(Crawled caption data)
****

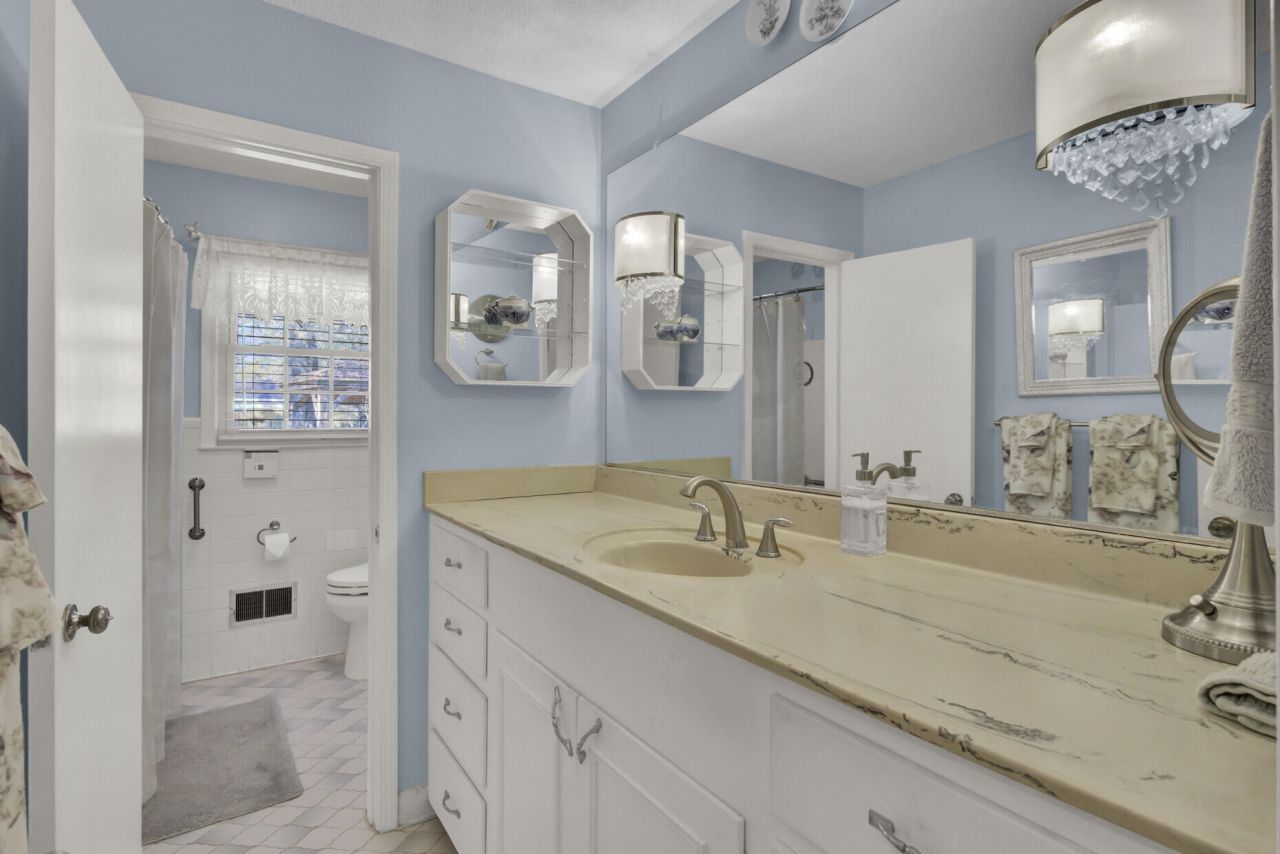 108 Ayers Circle Photo 25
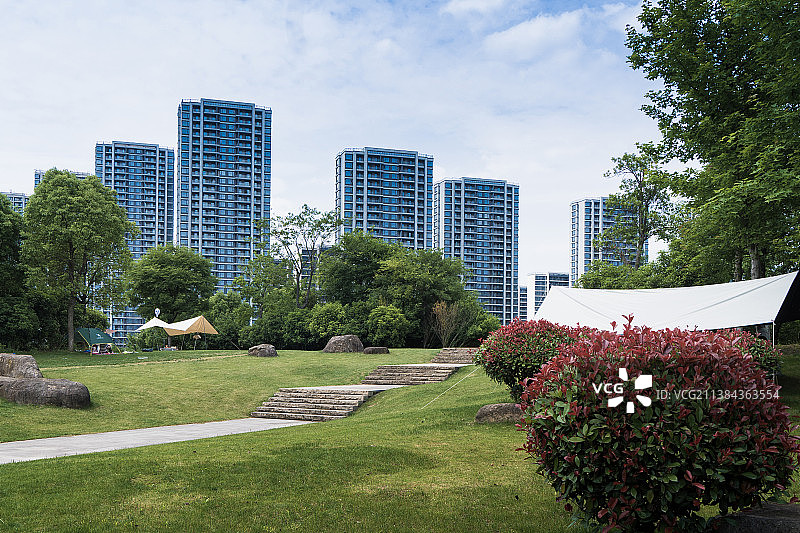 上虞曹娥江边草坪与现代高层建筑图片素材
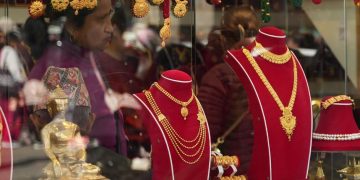 अच्काली बढ्यो सुनको भाउ, सामान्य नागरिकले किन्नै नसक्ने अवस्था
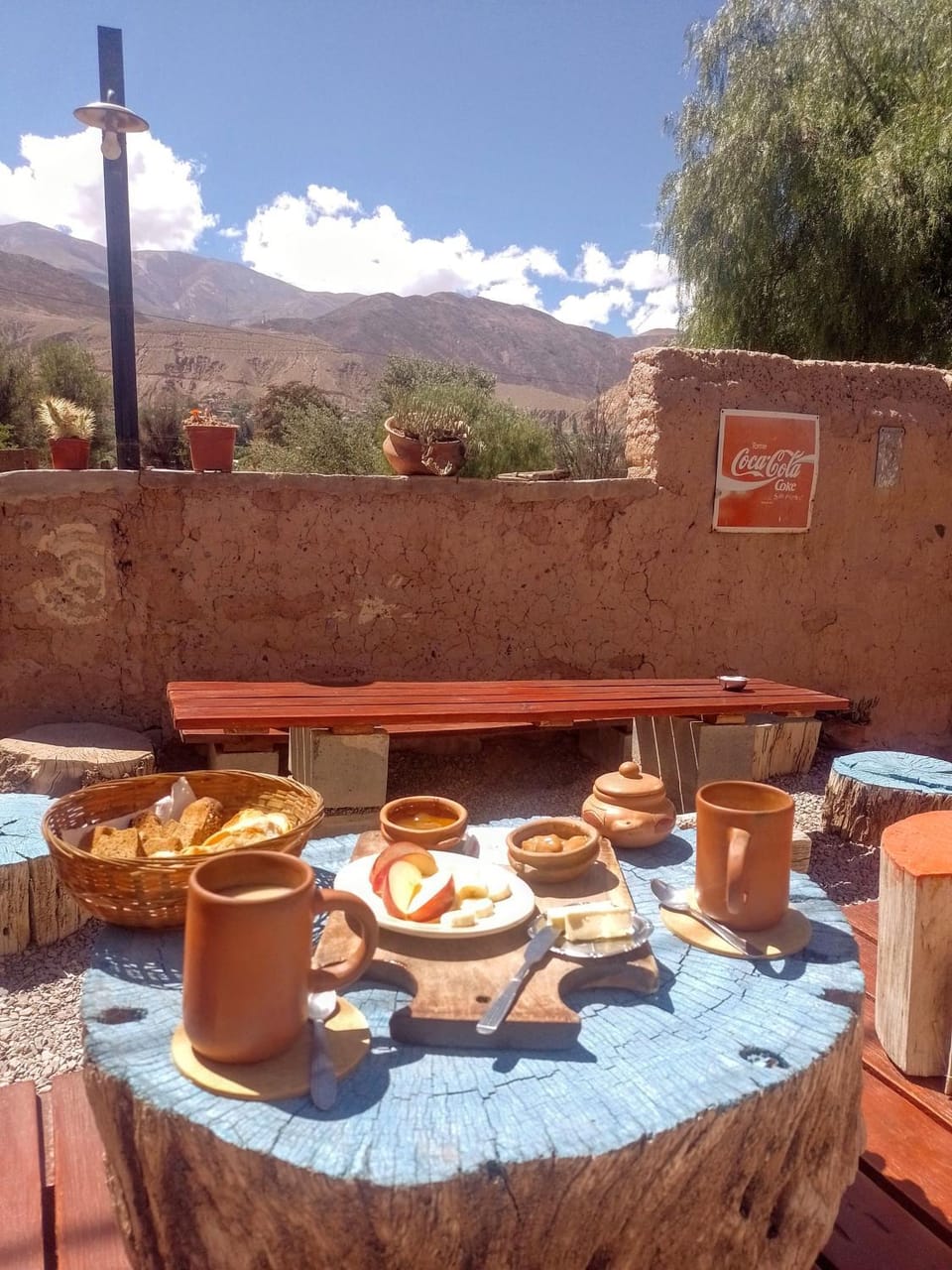 Mountain view, Breakfast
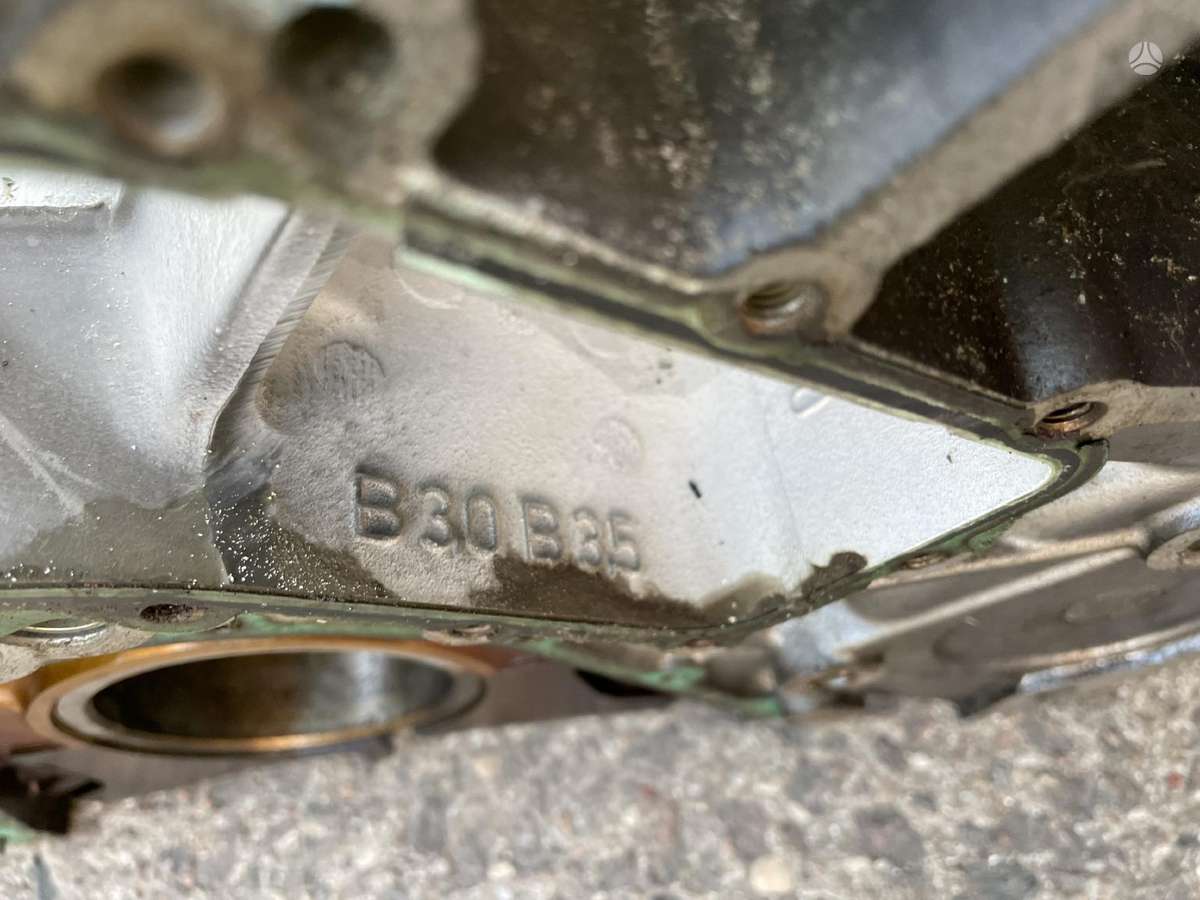BMW 735, M62TUB35, engine parts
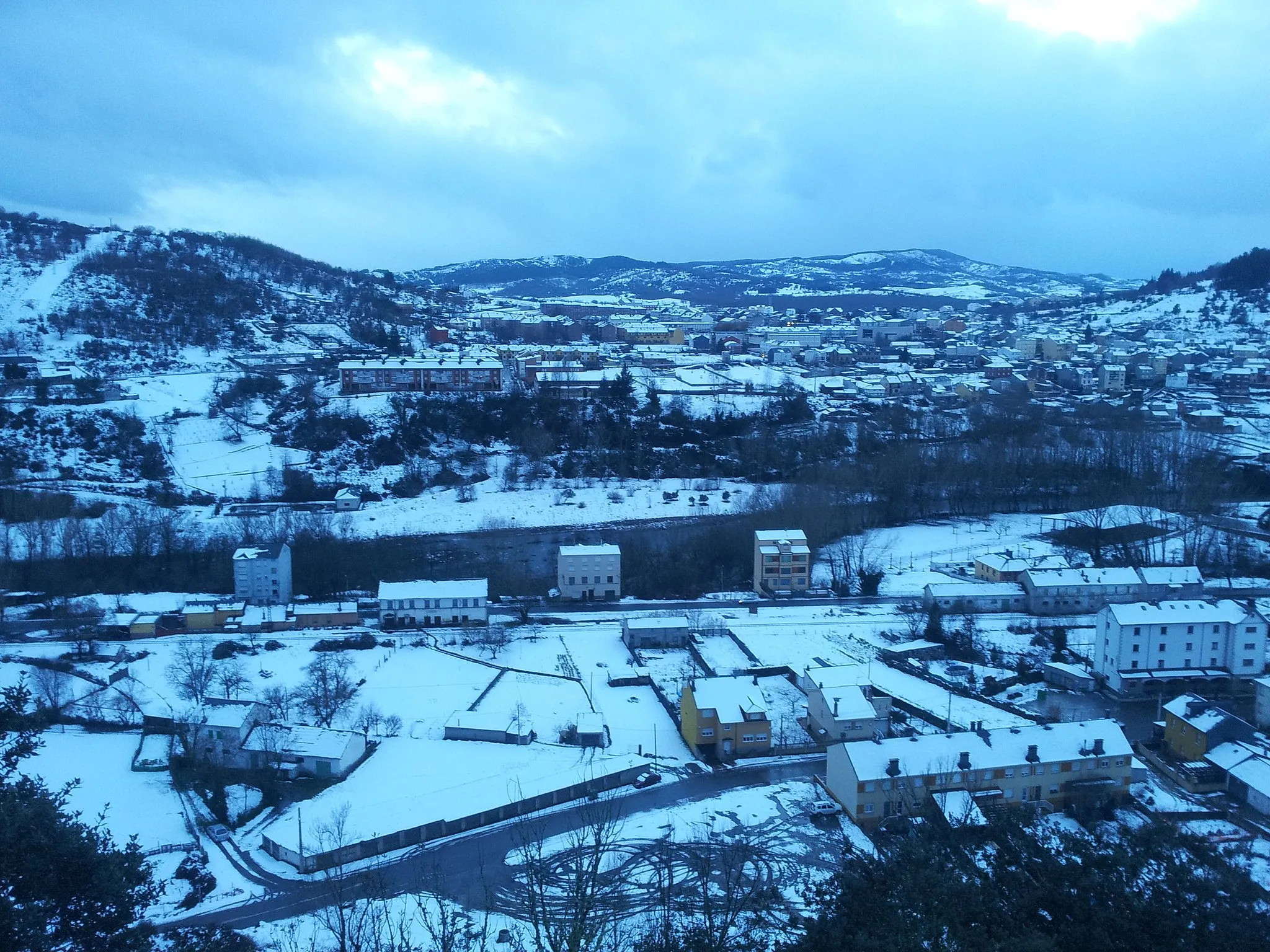 Photo showing: Pueblo de Toreno en un día de nieve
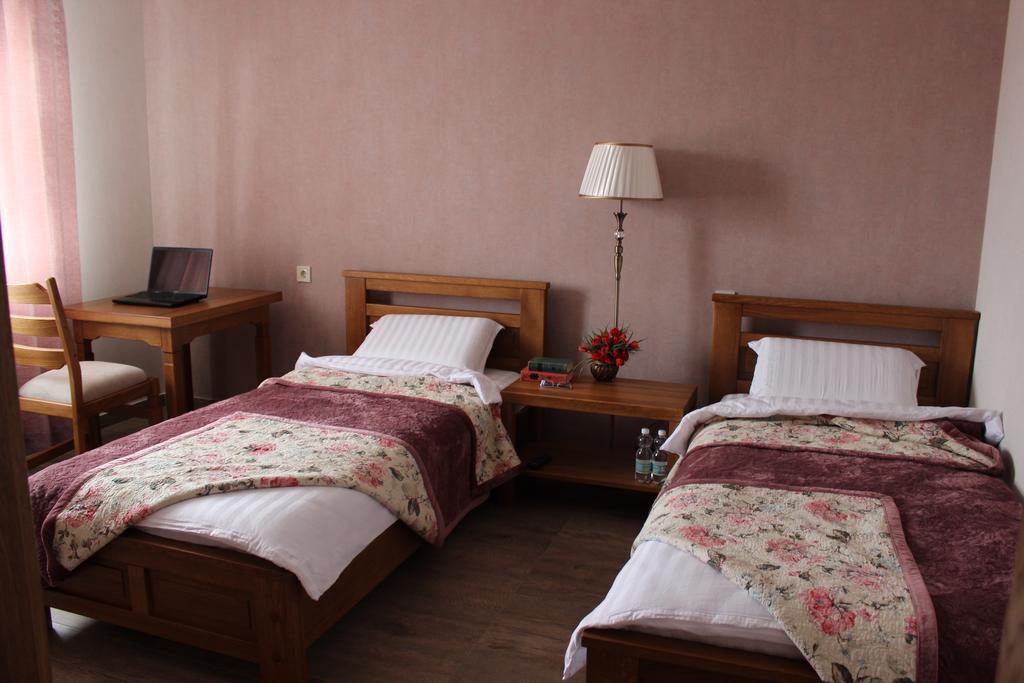 Barin House Hotel Soemy Buitenkant foto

****

*YOUR GOAL*
Leaving out the pictures, print exactly and only the lines from the one containing "Photo showing: Pueblo" through the last line of the records.

*RESPONSE BELOW*
 Photo showing: Pueblo de Toreno en un día de nieve
 Barin House Hotel Soemy Buitenkant foto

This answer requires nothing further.